- [TASK DETAILS]: Print every entry word for word, but omit the pictures.

[Image-text web data]
____________________
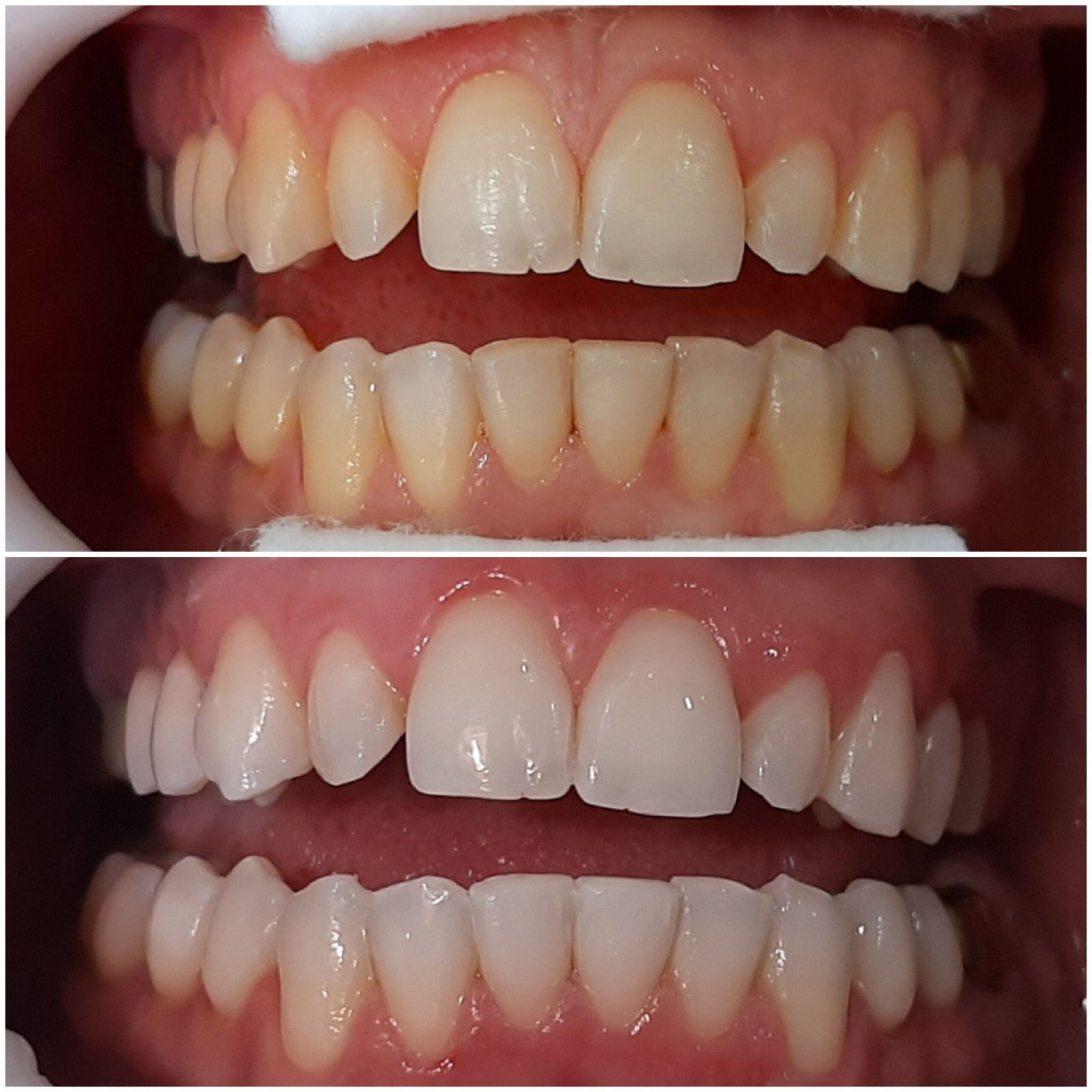 Seus dentes amarelos te incomodam?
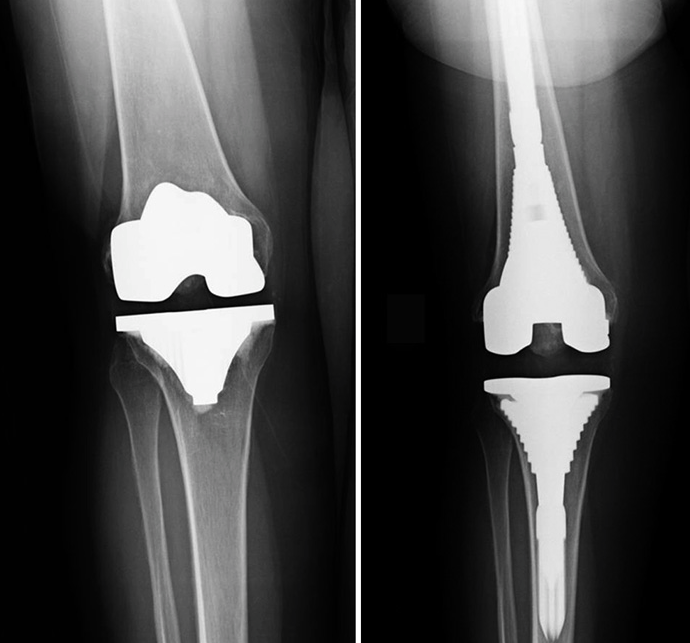 How can I tell if my partial knee replacement is failing?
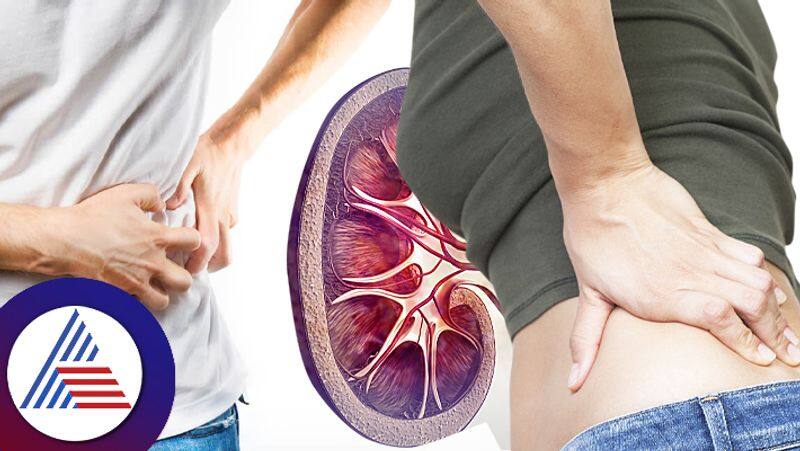 Do not ignore these small signs which are the symptoms of kidney stone pav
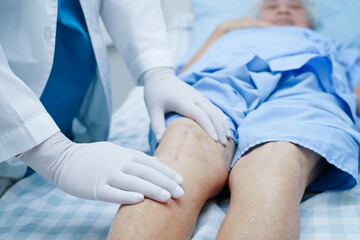 Doctor checking Asian elderly woman patient with scar knee replacement surgery in hospital.
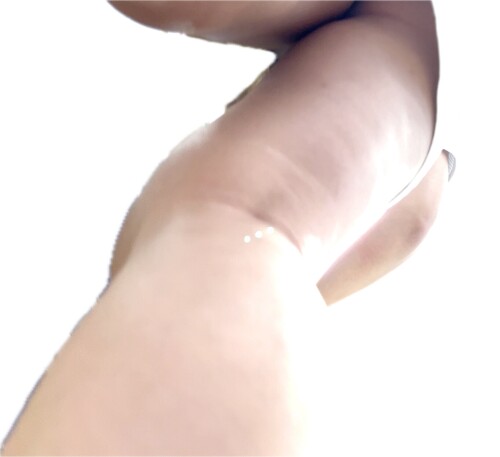 IMG 23461ad41557f54162f4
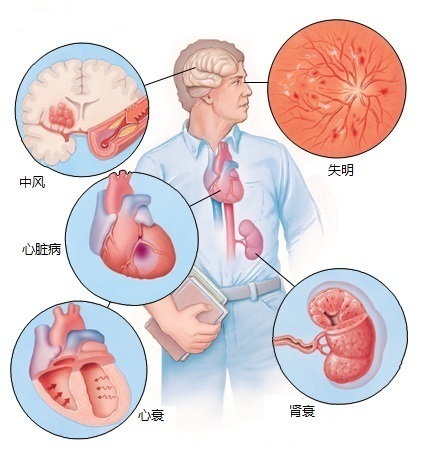 脂肪酸大战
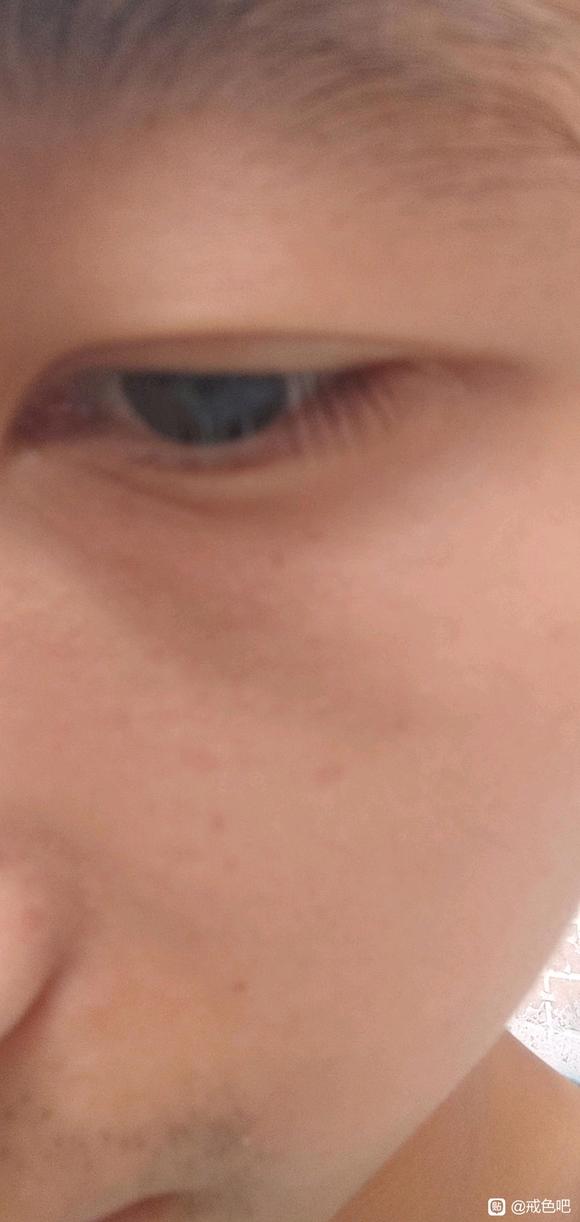 ”像我这种瘦不拉几，怎么才能增肌，黑眼圈怎么消除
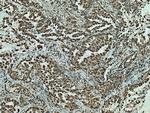 CBLL1 Antibody in Immunohistochemistry (Paraffin) (IHC (P))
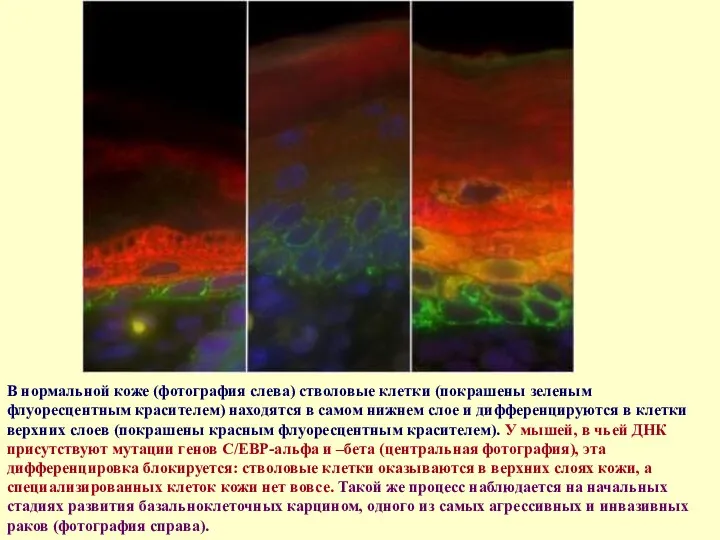 В нормальной коже (фотография слева) стволовые клетки (покрашены зеленым флуоресцентным красителем) находятся в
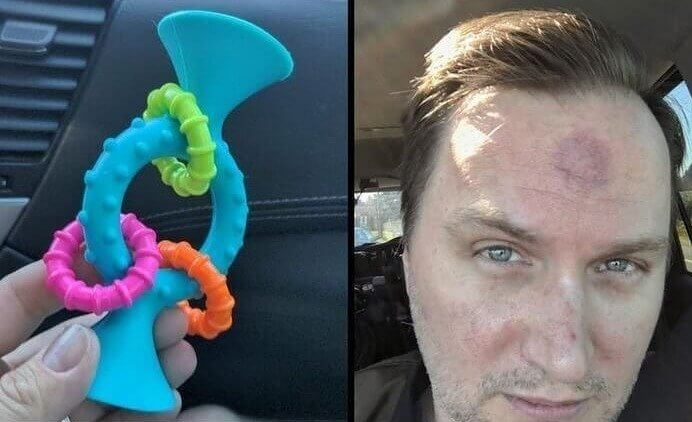 "Never Stick a Suction Toy to Your Head and Let Your Kid Pull on It"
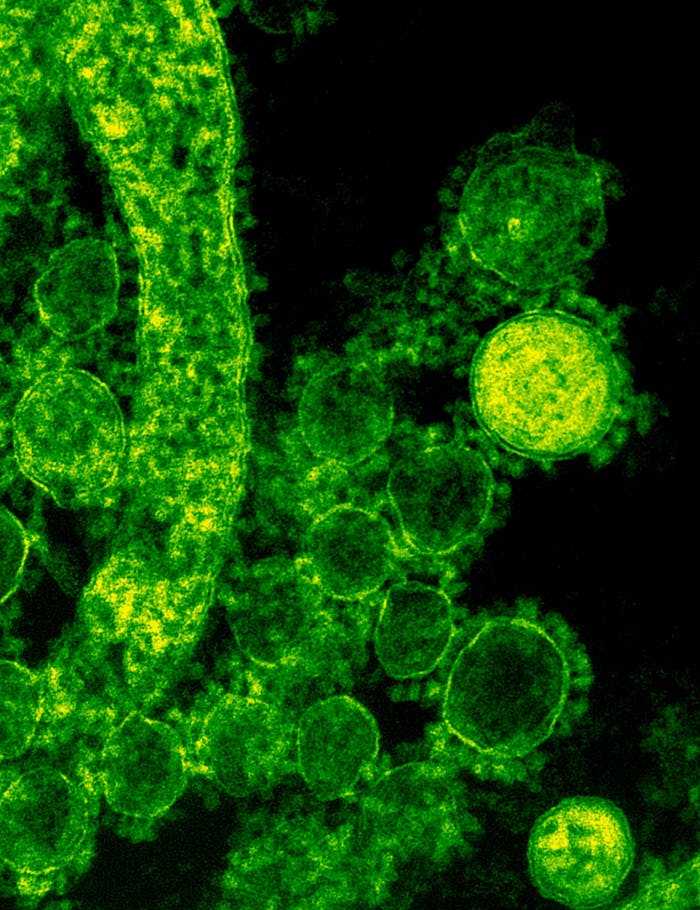 Green-tinted microscopic image of coronavirus particles illustrating viral structures.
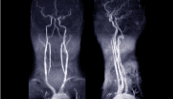 Sténose carotidienne de haut grade asymptomatique : quelle stratégie ?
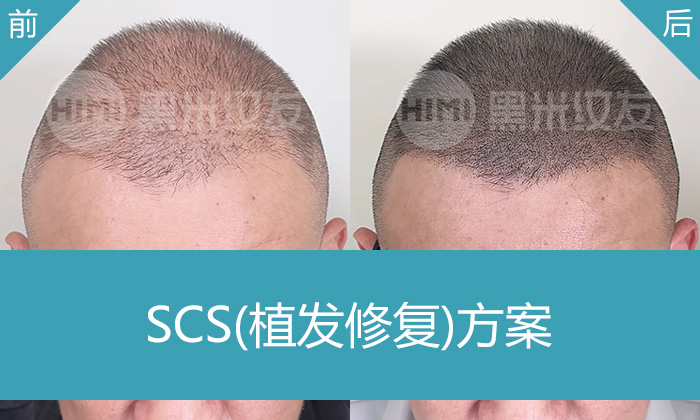周先生脱发10年植发失败头发稀疏，在广州黑米纹发后头顶稀疏变浓密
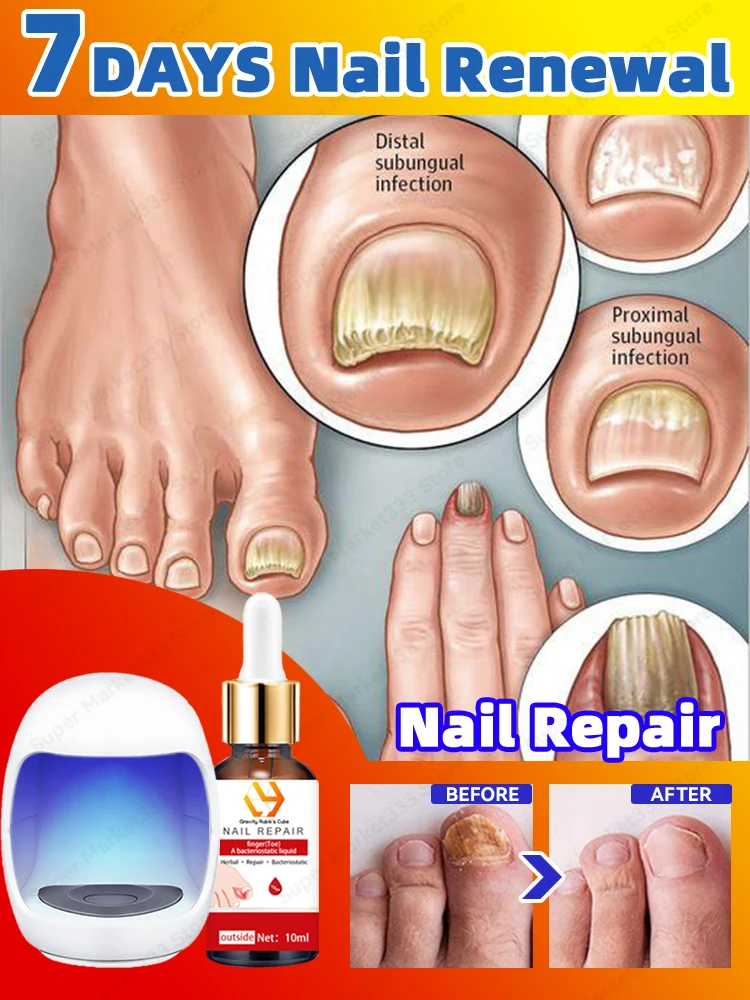 

Laser For Solving Feet Nail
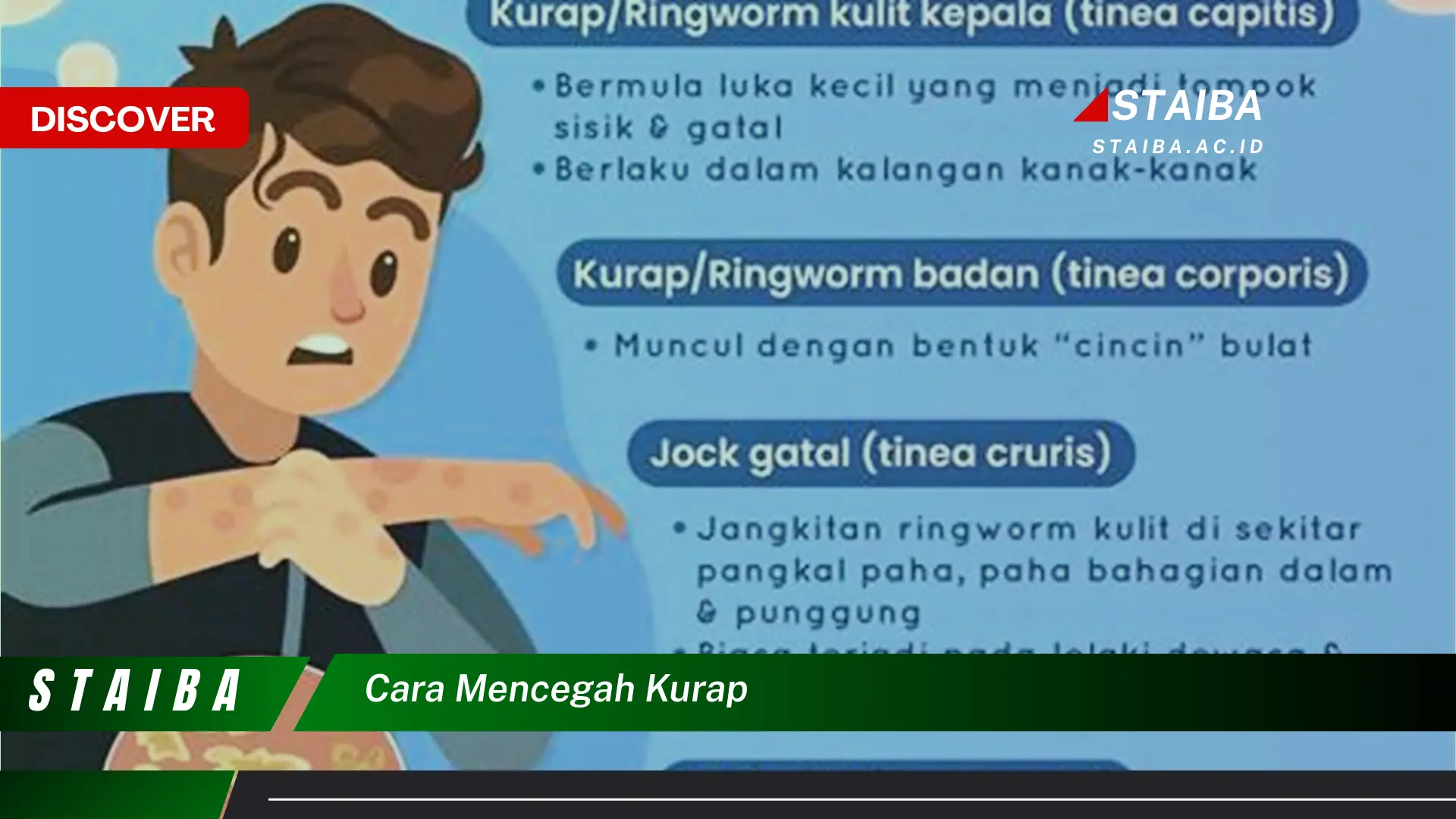 cara mencegah kurap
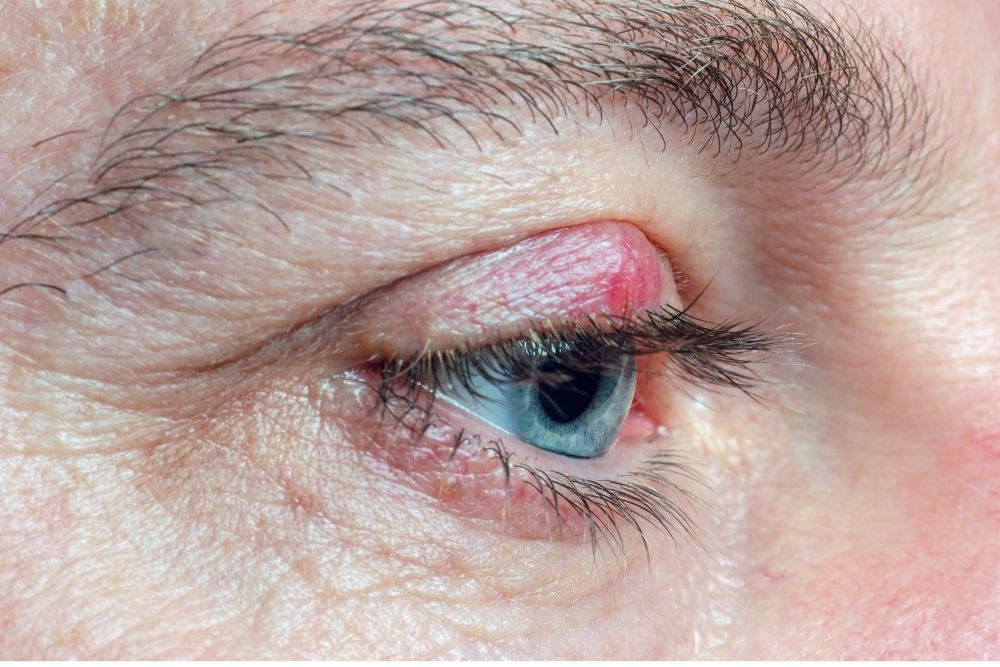 CAHALAZION. BENEFICIOS CIRUGÍA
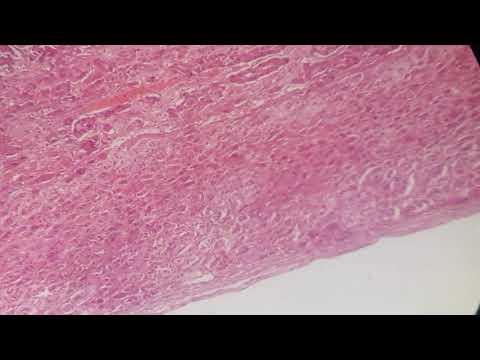 34- ورم القواتم (لب الكظر) Pheochromocytoma (Adrenal medulla)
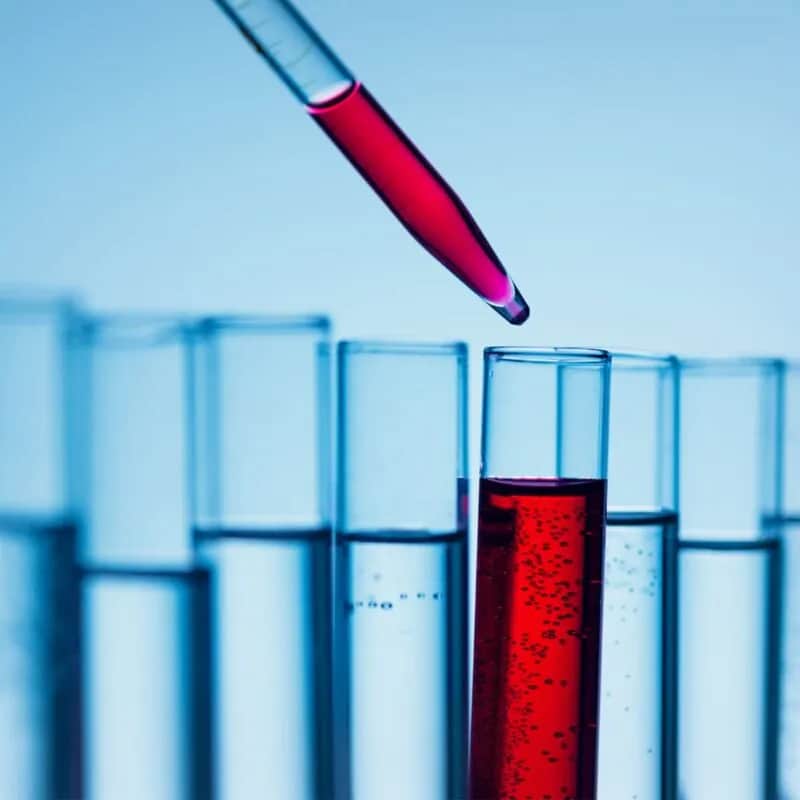 Ile jest ważne badanie kreatyniny przed rezonans? Kluczowe informacje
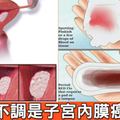 「月經不順」非小事！「六大症狀」恐是子宮內膜癌變前兆，這種出血狀況最危險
____________________
- [ANSWER BELOW]:
 Seus dentes amarelos te incomodam?
 How can I tell if my partial knee replacement is failing?
 Do not ignore these small signs which are the symptoms of kidney stone pav
 Doctor checking Asian elderly woman patient with scar knee replacement surgery in hospital.
 IMG 23461ad41557f54162f4
 脂肪酸大战
 ”像我这种瘦不拉几，怎么才能增肌，黑眼圈怎么消除
 CBLL1 Antibody in Immunohistochemistry (Paraffin) (IHC (P))
 В нормальной коже (фотография слева) стволовые клетки (покрашены зеленым флуоресцентным красителем) находятся в
 "Never Stick a Suction Toy to Your Head and Let Your Kid Pull on It"
 Green-tinted microscopic image of coronavirus particles illustrating viral structures.
 Sténose carotidienne de haut grade asymptomatique : quelle stratégie ?
周先生脱发10年植发失败头发稀疏，在广州黑米纹发后头顶稀疏变浓密

Laser For Solving Feet Nail
 cara mencegah kurap
 CAHALAZION. BENEFICIOS CIRUGÍA
 34- ورم القواتم (لب الكظر) Pheochromocytoma (Adrenal medulla)
 Ile jest ważne badanie kreatyniny przed rezonans? Kluczowe informacje
 「月經不順」非小事！「六大症狀」恐是子宮內膜癌變前兆，這種出血狀況最危險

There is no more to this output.